Bölüm 7: Dosya 02 Çağrı Yarın

33 3 11
                                    

"Ben ölseydim o ağlardı, ama o ağlasa ben ölürdüm.

                                                                      -Özdemir Asaf-

"Özür dilerim,
Herkesten, her şeyden ve hatta aldığım her nefesten. Babam hariç herkesten. En çok da arkadaşlarımdan. Ve özür dilerim Eda'm. Ama sende beni çok yanlış anladın sevgilim.
Evet. Ben ona "Seni seviyorum." dedim. Sonrasında "Sen benim en yakın arkadaşımsın." da dedim. Ama belli ki sen dinlememişsin. Zaten o, Mert,Zehra ve ben anaokulundan beri arkadaşız. Eda'm evet ben onla çok yakındım ama sırf senin için. Seni en iyi tanıyan oydu ve oda senin hakkında bana bilgi veriyordu. Evet şuan bunu okuyamayacaksın ama içimi dökmem lazım. Önümde kalbine sıktığında söyleyemediklerimi söylüyorum.
Eda ve o gün onun durumunu öğrenince  ilaçlarımı almayı unuttum. Ve öfkemi kontrol edemedim. Şuan sana bunların yanına geldiğimde söylememek için içiyorum bu hapları son kez.

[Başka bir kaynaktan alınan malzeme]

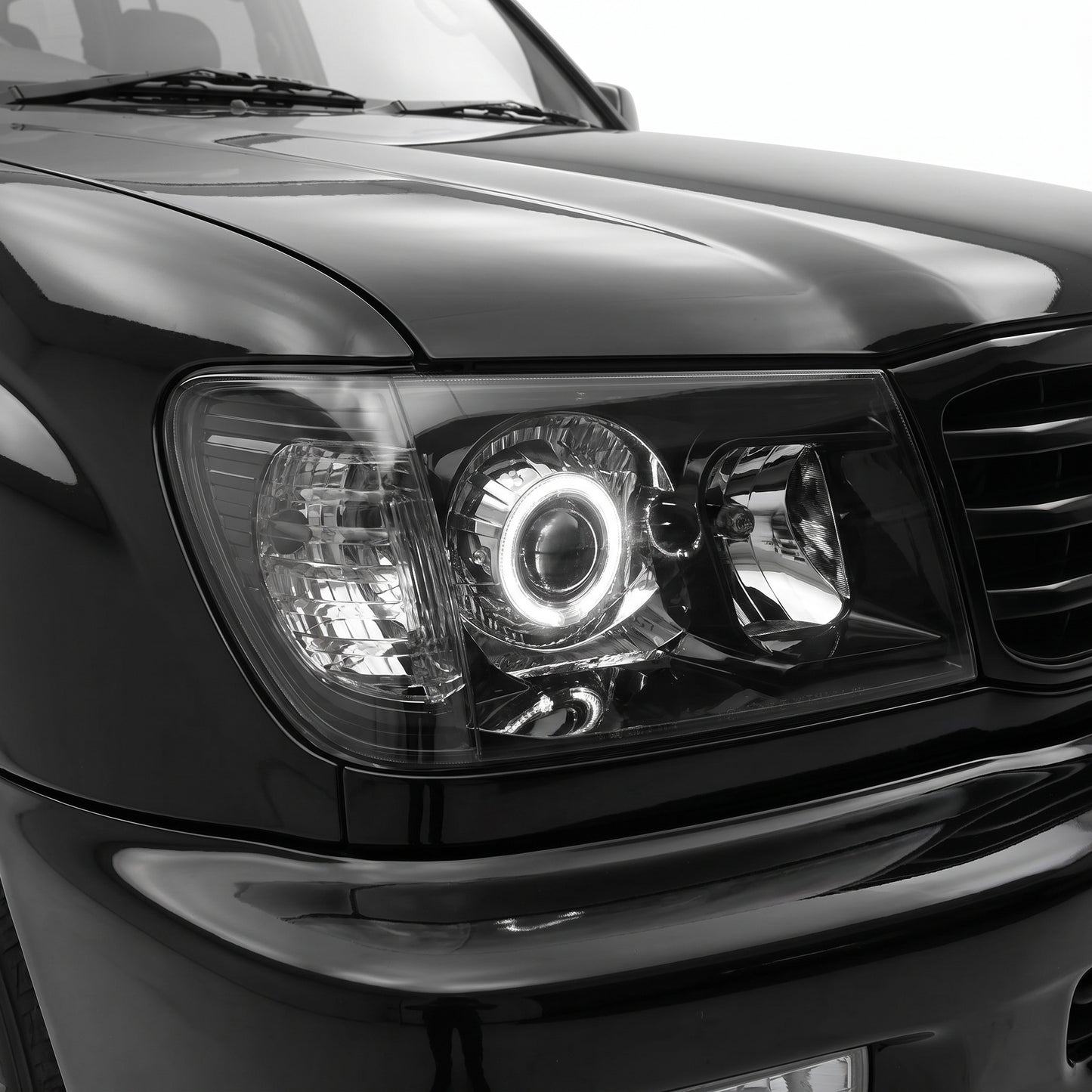 Toyota LandCruiser FJ100 Pre-Facelift (1998 - 2005) Black LED Angel Eye Halo Projector Headlights LH + RH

Zehra'm, güzel kardeşim. Senden bir dakika önce doğdum. Bazen espiri olarak abin olduğumu söylesemde cidden bir abi olarak seni korumaya çalıştım. Ama yapamamışım. Özür dilerim ve kod 05 uygula. Sen anladın güzelim. Sen hep anlarsın. Hani anneni kaybettiğimiz gün ikimiz de 7 yaşıındaydık. Ben babam olacak it yüzünden ağlamadım. Sana hiç üzülmedim dedim. Sen ise beni babamın görmediği bir yere götürdün ve bana sarıldın. Ben o an senin kollarında ağladım. Sen beni hep anladın kardeşim.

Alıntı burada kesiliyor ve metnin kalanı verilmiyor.